Running the above code produces the following output. We can clearly see that foo threw a ValueError exception, which was then re-thrown and caught when .result() was called. Note, the ordering of the returned tasks is the order in which they completed; and, using this comprehensive approach to handling exceptions and pending tasks ensures that all tasks are managed and removed from the event loop prior to termination of the calling coroutine (in this case main).

DONE: Exception_task
Exception_task threw Foo value error
ValueError: Foo value error
DONE: Waiting_task
Waiting_task returned Bar finished------------ At program termination -------------

There are a couple of considerations when planning how to handle exceptions and cancel pending tasks:

  • Plan how you will handle pending tasks and exceptions. It is difficult to debug asyncio code when there is no code to explicitly handle these conditions.
  • There is a high probability that tasks that throw exceptions will return earlier than those that return a value result. This means they will appear earlier, if not first, in the iterable list. Therefore, the first task for which result() method is called may throw an exception, in which case you may want to process all other results and cancel pending tasks before re-throwing this error.
  • The ordering of activities following asyncio.wait may be important in your implementation. Work out the most appropriate order for cancelling pending tasks, getting results, testing for and handling exceptions.
  • If more than one task throws an exception you may need to work out how to aggregate them into a single error message that can be re-thrown once all other tasks have been processed.

Exceptions in asyncio.gather

Python provides asyncio.gather as a higher-level alternative to asyncio.wait when waiting for all tasks to complete. It manages the wrapping of coroutines in tasks and ensuring the tasks are removed from the event loop when the function returns. Using the previous foo bar example we can replace asyncio.wait with:

results = await asyncio.gather(foo(), bar(), return_exceptions=True)
print(results)[ValueError('Foo value error'), 'Bar finished']

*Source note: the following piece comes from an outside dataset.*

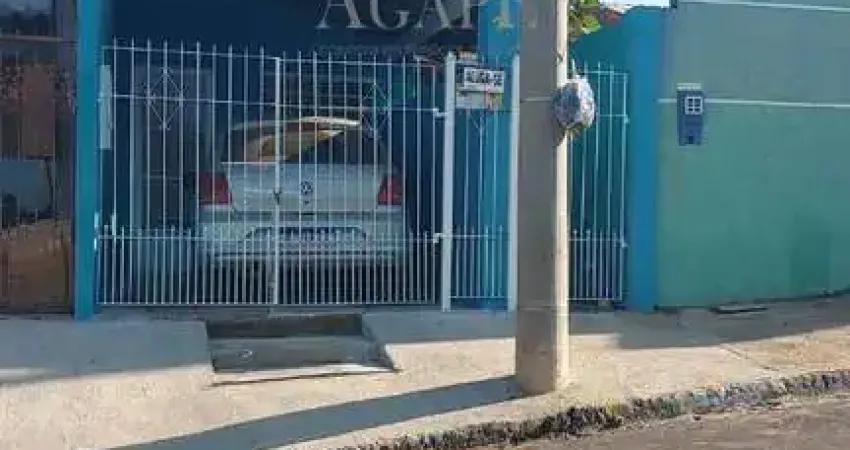 Casa à venda em Artur Nogueira, Jardim Paraíso, com 4 quartos, com 110 m²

The key parameter here is return_exceptions. When this parameter is set to True, the function returns a list of both values and exceptions; allowing all tasks to complete before returning. As all tasks have been completed they are removed from the event loop.

If return_exceptions is set to False (the default value) then asyncio.gather returns immediately, throwing the exception into the calling coroutine. Any task which has not been terminated will remain on the event loop.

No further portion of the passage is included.